4.6.3 Bolsegmentopleggingen

Bolsegmentopleggingen bestaan uit een holdeel (concaaf) en een boldeel (convex). Beide kunnen uit constructiestaal of zelfs uit roestvast staal of aluminium vervaardigd zijn. Vaak worden de boldelen uit aluminium gemaakt. Tussen het boldeel en het holdeel bevindt zich een glijdelement. De PTFE-plaat bevindt zich in een inkamering in het holdeel en het boldeel kan bekleed zijn met een roestvast staal blik, een chroomlaag of als genitreerd staal zijn uitgevoerd.
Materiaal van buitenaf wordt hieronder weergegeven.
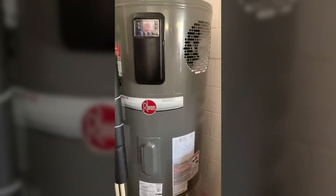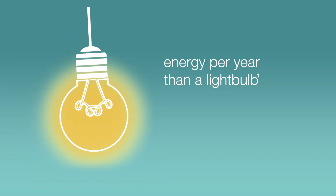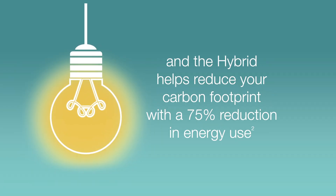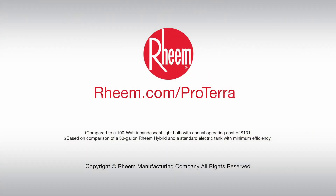We've noticed a little difference in the electric bill. During the day our electricity is really cheap, so I set the water heater so that it does most of its water heating in the middle of the day. That way when the sun goes down and our electricity goes up, I'm not running the water heater at all. Our utility bills have gone down.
In het geval van een aluminium boldeel zijn geen lagen rvs toegevoegd.

Platte bolsegmentopleggingen zoals weergegeven in figuur 4.6.3.a t/m 4.6.3.d bevatten een tweede vlak glijdelement op het boldeel. Bij vaste opleggingen omsluit dit glijdelement met een ring het holdeel.

Bij dikke bolsegmentopleggingen vormt de samenstelling van bovenplaat met bol- en holdeel een vaste oplegging.

Werking

Een bolsegmentoplegging neemt de verticale krachten op via de glijdplaat, bij platte opleggingen het boldeel naar het glijdelement naar het holdeel. De rotaties worden mogelijk gemaakt door het boldeel over het holdeel te transleren. De opleggingen zijn zeer stijf in verticale richting.
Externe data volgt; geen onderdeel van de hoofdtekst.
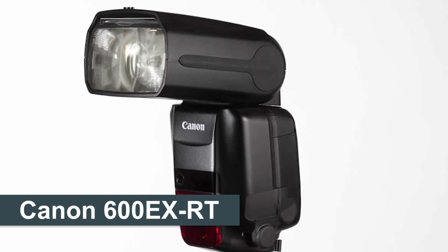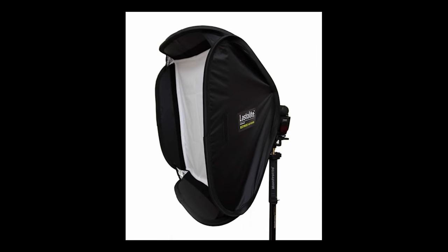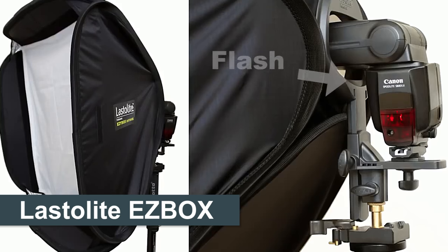In this case a Canon 600 EXRT. I'll often use a shoot-through umbrella for portrait work, but in this case I don't want a lot of light bouncing around the room, so I'm using a softbox. This is a Lastolite Easybox measuring two feet across. The flash attaches to it like this and you can configure it in different ways to create some really pleasing light.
Bij platte opleggingen ligt het effectieve draaipunt in het hart van de oplegging, omdat de positie van de glijdplaat wordt gefixeerd door het onderzadel. In de oplegging ontstaat een wrijvingsmoment waarvan de grootte afhangt van de verticale belasting en de wrijvingscoëfficient in het gekromde glijdvlak. De wrijvingsmomenten mogen niet leiden tot omhoog komen van het boldeel. Ook moet er in de bruikbaarheidsgrenstoestand (SLS) altijd drukspanning aanwezig zijn. De horizontale krachten worden direct van de ring aan de glijdplaat naar het holdeel overgebracht.
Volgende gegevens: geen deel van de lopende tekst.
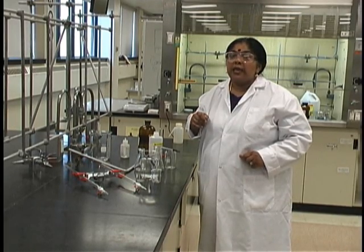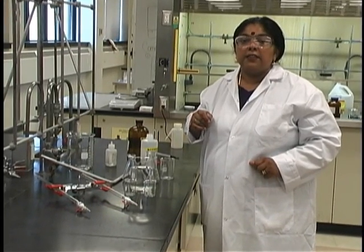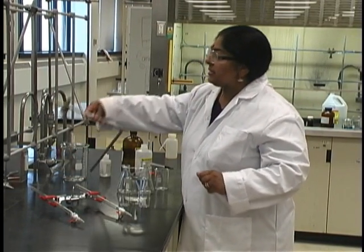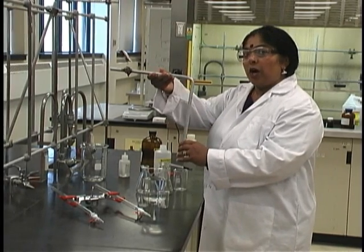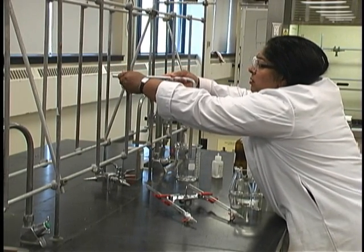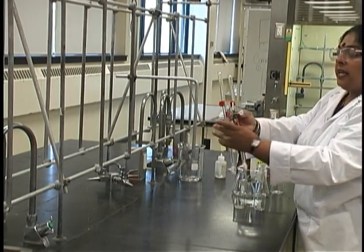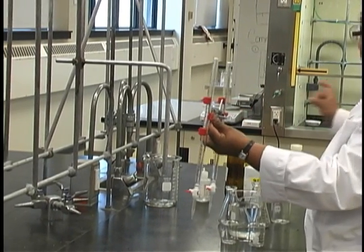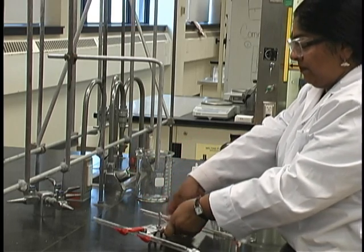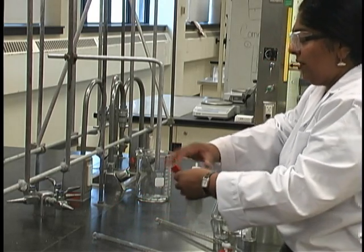For the purpose of this lab, we have a large number of labels that have been prepared for you, and it is strongly advised that you use these labels as and where you need them. To prepare your setup, obtain the extension L-bar and place a clamp on it, then attach it to the stand on your bench. Obtain a burette clamp located underneath the sink on either side of every section, and place the burette clamp on the extension L-bar.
Bij dikke opleggingen zoals weergegeven in 4.6.3.e  ligt het effectieve draaipunt in het bolmiddelpunt. In de oplegging ontstaat een wrijvingsmoment waarvan de grootte afhangt van de verticale belasting en de wrijvingscoëfficient in het gekromde glijdvlak. De horizontale krachten worden vanuit het boldeel naar het holdeel overgebracht door een resultante van verticale en horizontale belasting. Daarbij mag de oplegging niet instabiel worden door te weinig randafstand en het uit de kom geraken van het boldeel, ook hier moet er in de bruikbaarheidsgrenstoestand (SLS) overal drukspanning heersen.

Voor beide typen geldt dat het reactiemoment dus onafhankelijk is van de hoek en de hoeksnelheid, hetgeen een voordeel is bij flexibele grote bruggen die relatief veel bewegen ten gevolge van de verkeersbelastingen.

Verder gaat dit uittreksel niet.